Aber Vajda, der Mann der ersten Stunde bei Djokovic, und auch Gritsch, der einprägsame Österreicher mit der poliert wirkenden Glatze und dem kantigen Profil, sie sind zurück. Es ist eigentlich ein unvorstellbares Bild, dieses wiedervereinte Team Djokovic - es scheint ja so, als wäre ein altes, vergilbtes Motiv aus dem Familienalbum wieder hervorgekramt worden.

Ex-Coach André Agassi ging eher im Zorn

Djokovic konnte sich einst zu Gute halten, gemeinsam mit elitärer Konkurrenz wie Federer und Nadal auch einer der hellsten Strategen der Tennis-Karawane zu sein.
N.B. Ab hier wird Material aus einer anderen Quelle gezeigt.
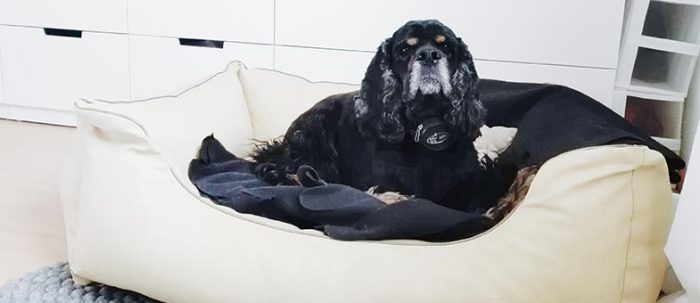 Einem Hund beibringen, wo sein Platz ist tierisch wohnen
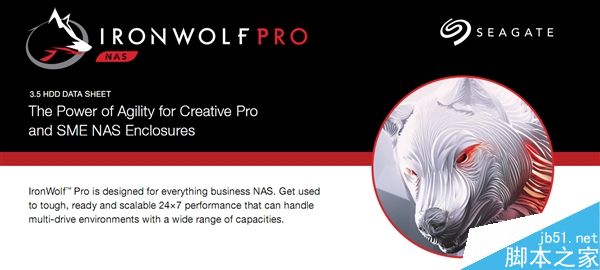 希捷發(fā)布IronWolf Pro NAS硬盤:最強10TB/耐用性極佳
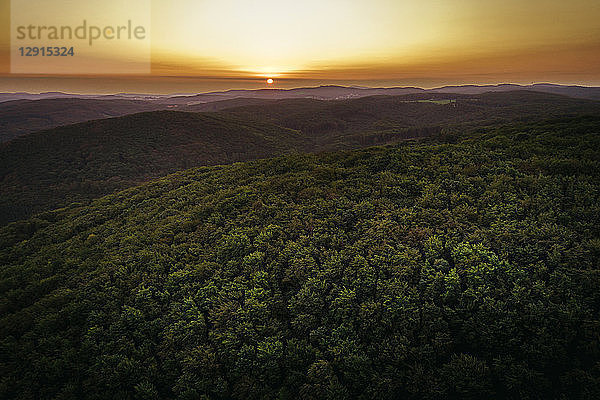 Austria  Lower Austria  Vienna Woods  Biosphere Reserve Vienna Woods  Aerial view of forest at sunrise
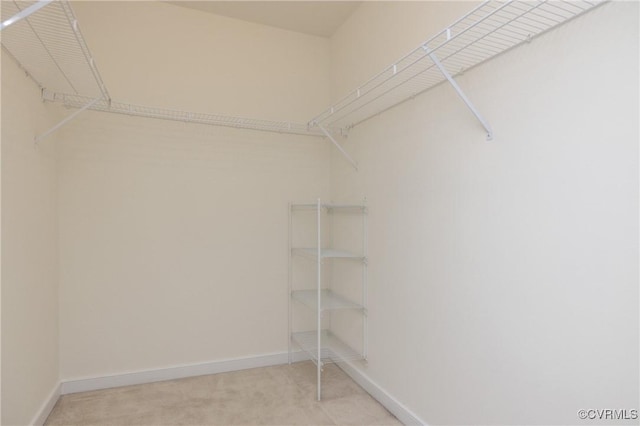 walk in closet with carpet flooring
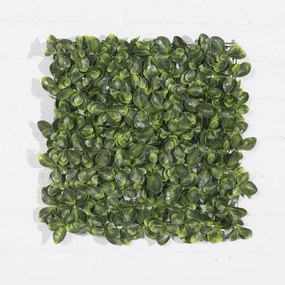 Supergreens Τεχνητή Φυλλωσιά Τριφύλλι 50x50 εκ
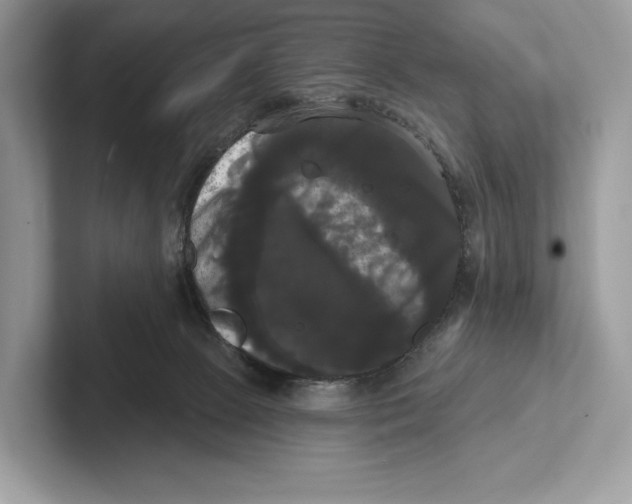 X0000100920081200807221125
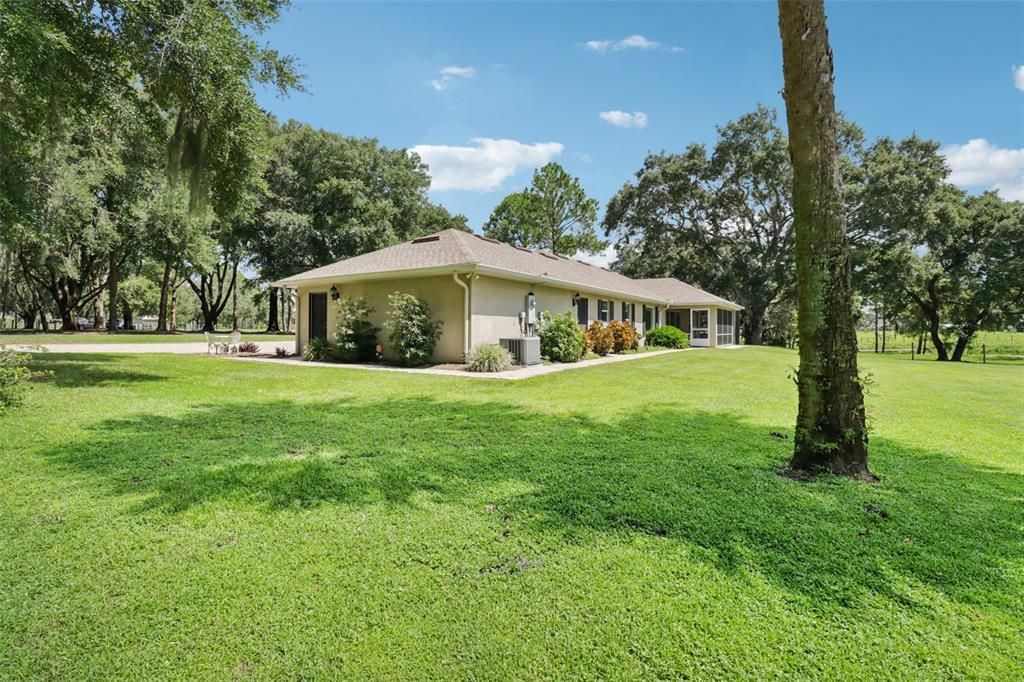 Backyard, Exterior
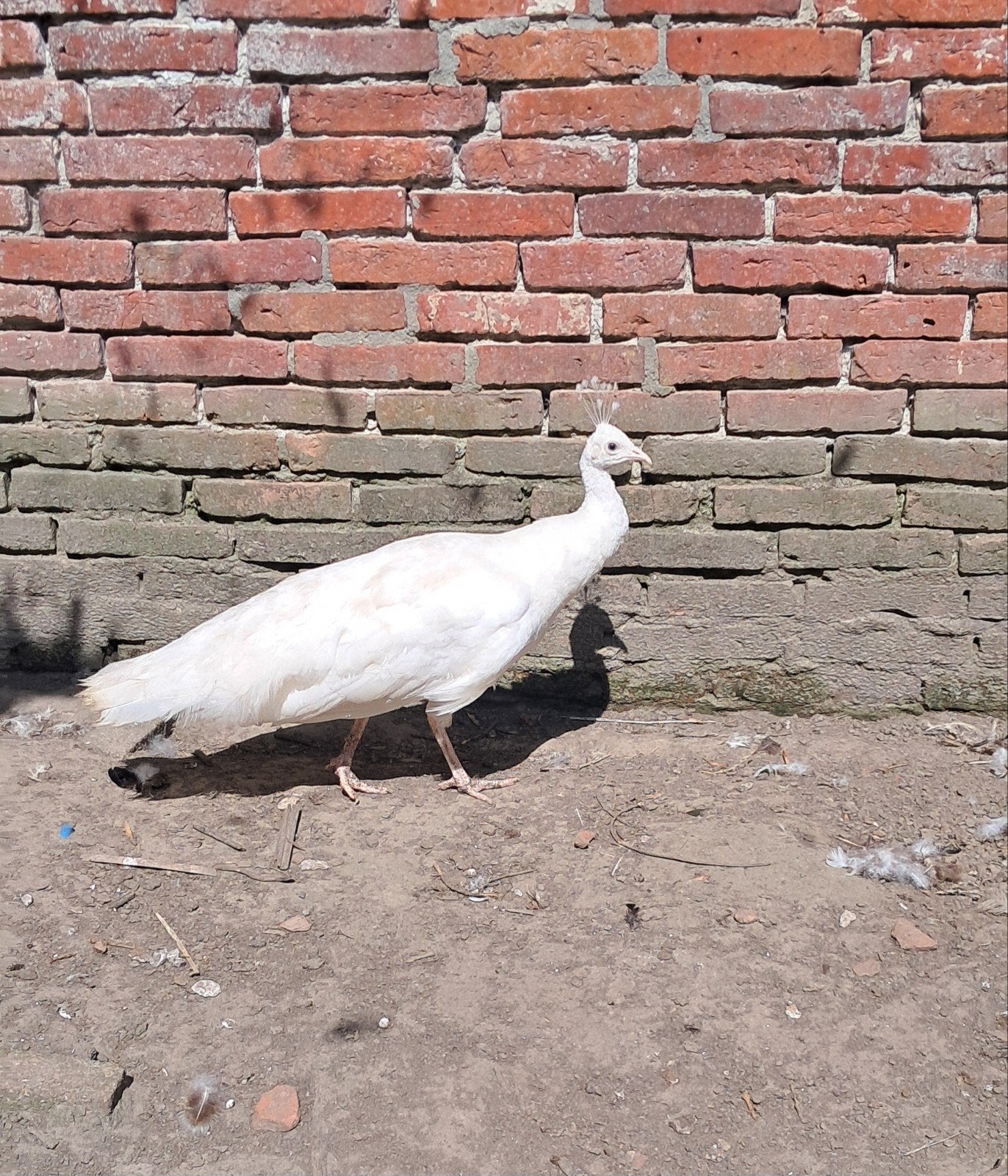 witte pauw hen, Dieren en Toebehoren, Vrouwelijk, Overige soorten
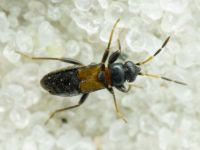 Ischnocoris hemipterus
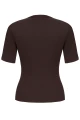 SLOW TOP BROWN BACK.jpg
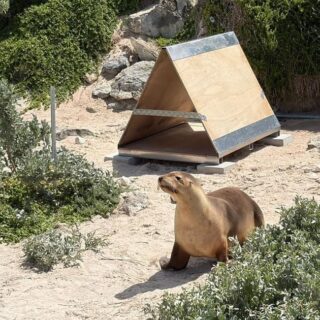 A sea otter standing on a sandy area near a wooden, triangular shelter with metal reinforcements, surrounded by shrubs and rocks on a sunny day.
Aber dann geriet in der sportlichen Notlage und Bedrängnis viel durcheinander, Djokovic holte sich Andre Agassi an seine Seite - was nicht schlecht gewesen wäre, wenn man sich vorher über den Weg zu den erwünschten Zielen verständigt hätte.

So ging Agassi denn eher im Zorn, als klar wurde, dass sich nicht einmal in kleinen taktischen oder trainingsfachlichen Aspekten ein Miteinander entfaltete. Auch der Tscheche Radek Stepanek kam und ging wieder, ein weiterer Irrtum Djokovics, eine Personalie, die Experten die Köpfe schütteln ließ. Nun sollen es eben die einstigen Berater und Denker richten.

Djokovic gesteht: "Das Selbstvertrauen ist nicht sehr groß"

Djokovic ist aktuell die Nummer 12 der Welt, er sagt von sich, dass das "Selbstvertrauen nicht sehr groß" sei im Augenblick, nie sei die Herausforderung in seiner Karriere größer gewesen als in dieser Saison 2018. "Den Glauben an sich selbst zurückzufinden, das ist eine massive Aufgabe. Am Ende zählen nur Siege", sagt der Serbe, für den Siege früher selbstverständliches Tagesgeschäft waren.

2015 siegte er 82 mal, verlor nur sechs Spiele. Sein Sieg gegen Nishikori in Madrid war erst der vierte in diesem Jahr, bei drei Niederlagen. Djokovics Kampf, um wieder zu einem der Marktführer im Tennis zu werden, ist und bleibt eine der großen Geschichten dieser Saison. Mit komplett offenem Ausgang.